Yang Perlu Diresensikan dalam Sebuah Buku di dalam Bahasa Indonesia/Before The reviews it in a Book in Indonesian Leangue for class XI IPS Semester 2 INDONESIAN

Yang Perlu Diresensikan dalam Sebuah Buku
(Sumber: Ms. Indri, Bahasa Indonesia Teach for class XI IPS  semester 2 dan sumber Kedua:Eti, Nunung Yuli. Pelajaran Bahasa dan Sastra Indonesia Kelas XI untuk SMA.2005. PT Intan Pariwara:Klaten.)
Yang diresensi

  • Judul Resensi
  • Data Buku, dibagi atas: Pertama, Fiksi; Kedua, Non fiksi (Judul, pengarang, penerbit, tahun terbit, tebal buku).
  • Memperkenalkan pengarang
  • Membandingkan dengan buku yang sejenis
  • Merumuskan tema
  • Mengungkapkan kesan
  • Sinopsis= ada/ tidak
  • Keunggulan dan kelemahan Buku

Contohnya:

PENETRASI YANG MENGANYAM KEHANCURAN
Judul                     : Menolak Panggilan Pulang
Penulis                 :Ngarto Februana
Jenis Buku          : Fiksi
Penerbit              :Media Pressindo, Yogyakarta
Cetakan I             : Juli 2000
Tebal                     : 207 halaman
                Tidak semua perubahan dan kemajuan memetik buah yang manis. Saat sebuah komunitas maupun individu diterjang datangnya perubahan baru yang tidak terantisipasi, maka yang terjadi justru kegamangan.

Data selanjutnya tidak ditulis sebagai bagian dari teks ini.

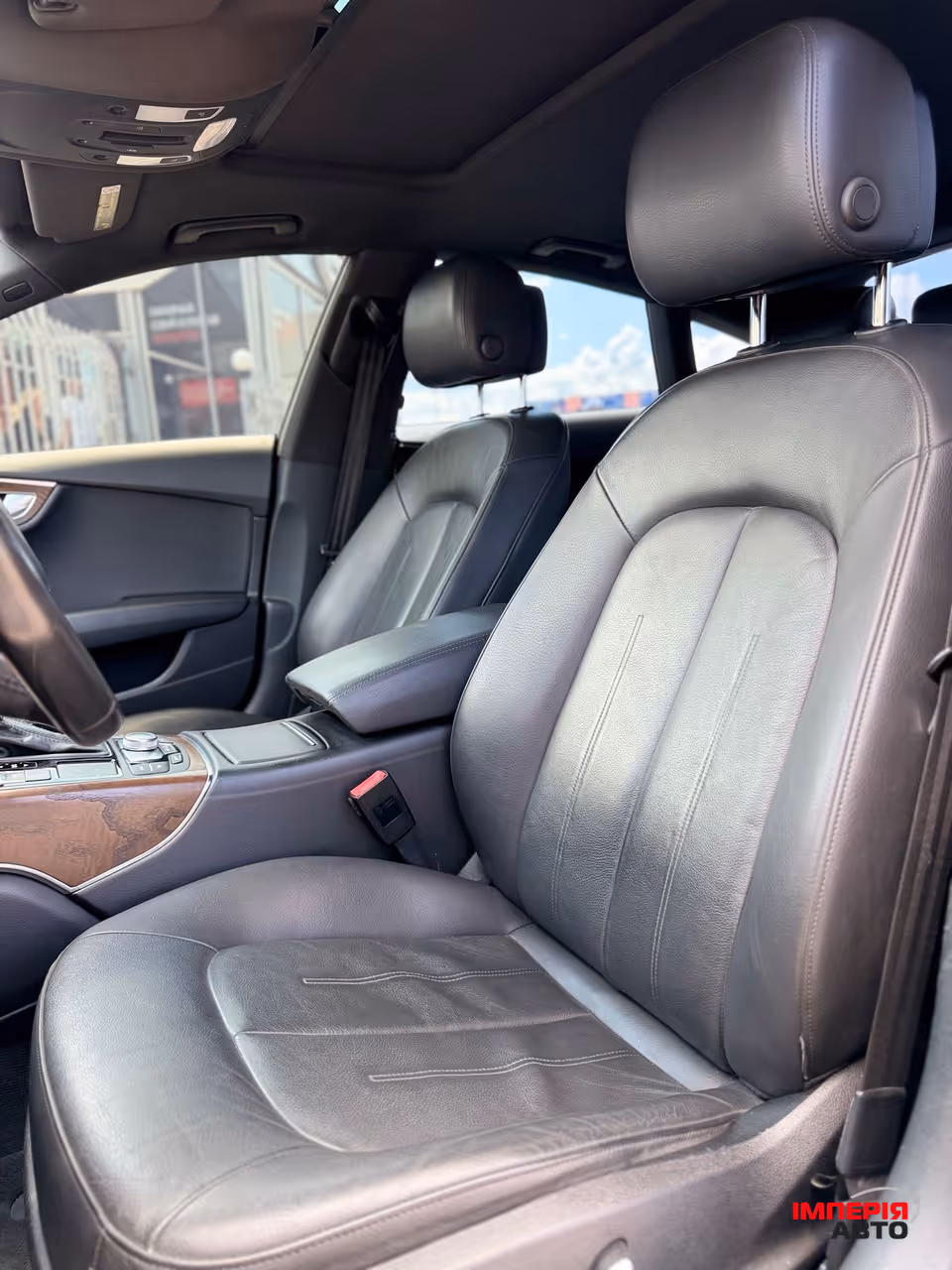 Audi A7 - фото 7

Ternyata, tidak ada yang lebih dahsyat dari kehancuran yang disebabkan oleh meleburnya penetrasi sebuah kultur. Kehancuran ini dapat terjadi dalam sosok individu maupun komunitas.

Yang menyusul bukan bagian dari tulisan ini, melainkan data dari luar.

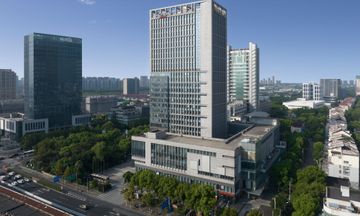 Courtyard Jiading Marriott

Desa Malinau adalah bagian dari tiga belas desa di Kecamatan Loksado, Perbukitan Meratus, Kalimantan Selatan. Di dalamnya hidup sekelompok warga Dayak Meratus yang sangat patuh pada tradisi nenek moyang yang turun-temurun. Dengan tingkat pendidikan masyarakat  yang rendah, tidak heran jika kemajuan pembangunan desa itu pun berjalan sangat lamban. Ketidakmengertian pada teknologi dan kegigihan untuk mempertahankan adat, akhirnya, menggiring masyarakat Malianau pada sebuah pemikiran yang selalu skeptis dan penuh curiga pada setiap orang yang datang dari luar Meratus.

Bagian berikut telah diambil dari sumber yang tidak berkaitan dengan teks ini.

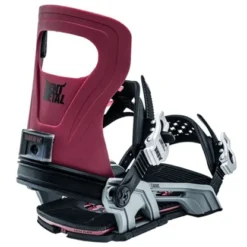 BENT METAL Logic Mens Snowboard Binding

Ketika Rohaimin, salah satu staf Dinas Sosial di Kabupaten Hulu Sungai Selatan, datang ke desa itu pada tahun 1981 untuk menawarkan cara bercocok tanam dengan system pemupukan dan menggunakan cangkul, justru ditanggapi curiga oleh masyarakat Dayak Meratus. Penghulu Dingit, tetua adat Malianau, menolak tawaran itu. Lima tahun kemudian, saat Rohaimi datang kembali ke Malinau, ia menawarkan diri menjadi orang tua asuh bagi Utay, anak tunggal penghulu Dingit, supaya bisa bersekolah di Kandang. Meski semula curiga, akhirnya Dingit memperbolehkan anaknya bersekolah di kota. Utay pun pergi meninggalkan teman-teman sepermainnya, termasuk Aruni, anak gadis penghulu Balai Jalay yang telah menjadi jodohnya secara adat.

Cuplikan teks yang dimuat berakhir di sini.